# GIVEN MATERIAL:
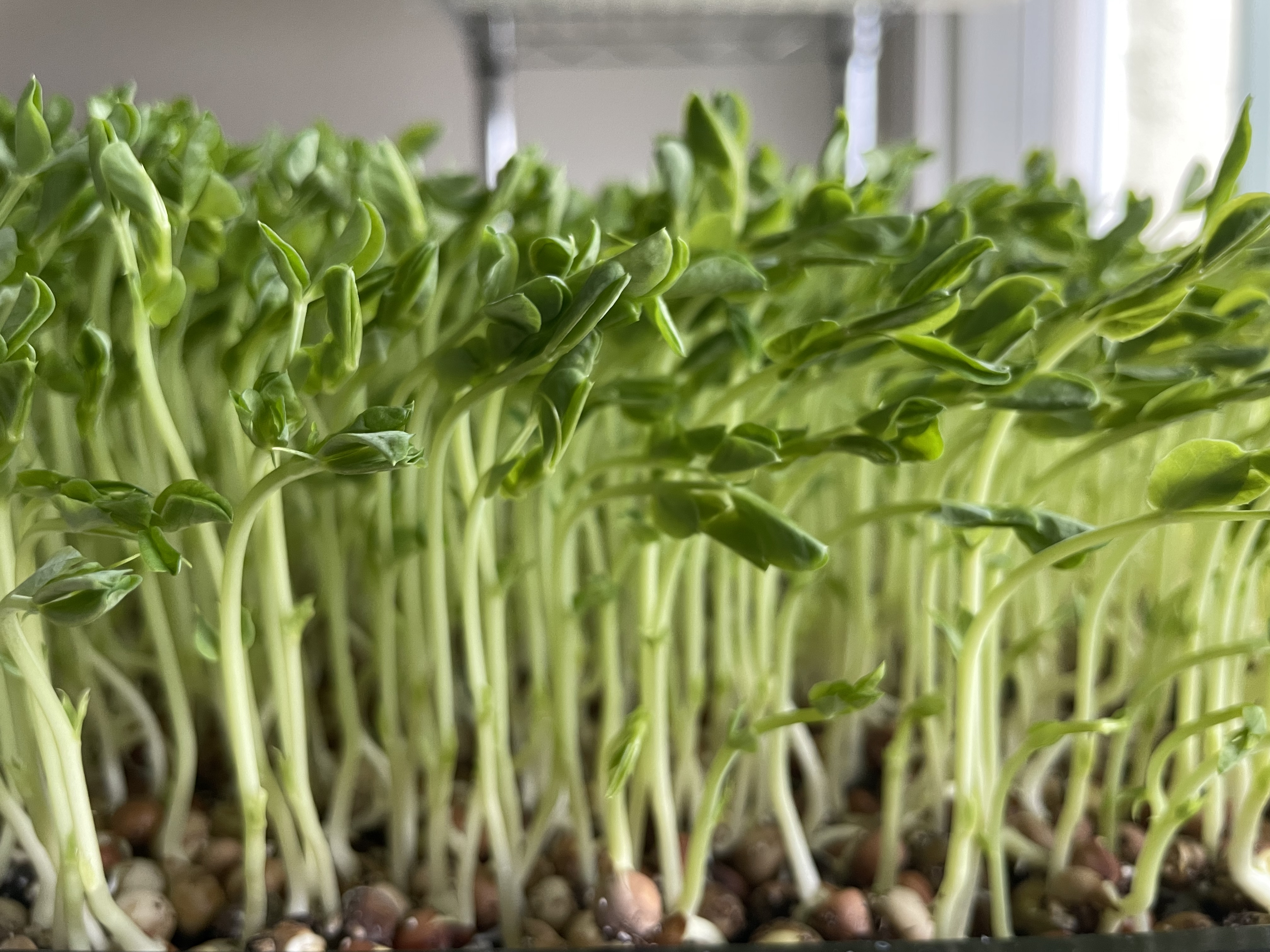 Pea Shoot Microgreens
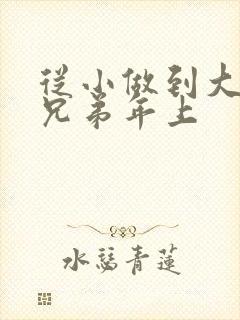 从小做到大骨科兄弟年上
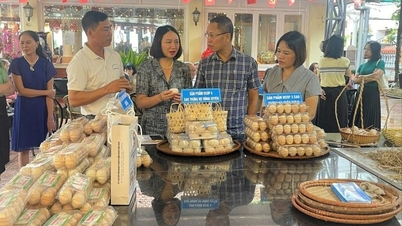ការភ្ជាប់ការទទួលទានស៊ុតមាន់នៅក្នុងទីក្រុង Hai Phong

# YOUR TASK:
Hand back the data exactly as it appears, with all pictures cut.

# RESULT:
 Pea Shoot Microgreens
 从小做到大骨科兄弟年上
ការភ្ជាប់ការទទួលទានស៊ុតមាន់នៅក្នុងទីក្រុង Hai Phong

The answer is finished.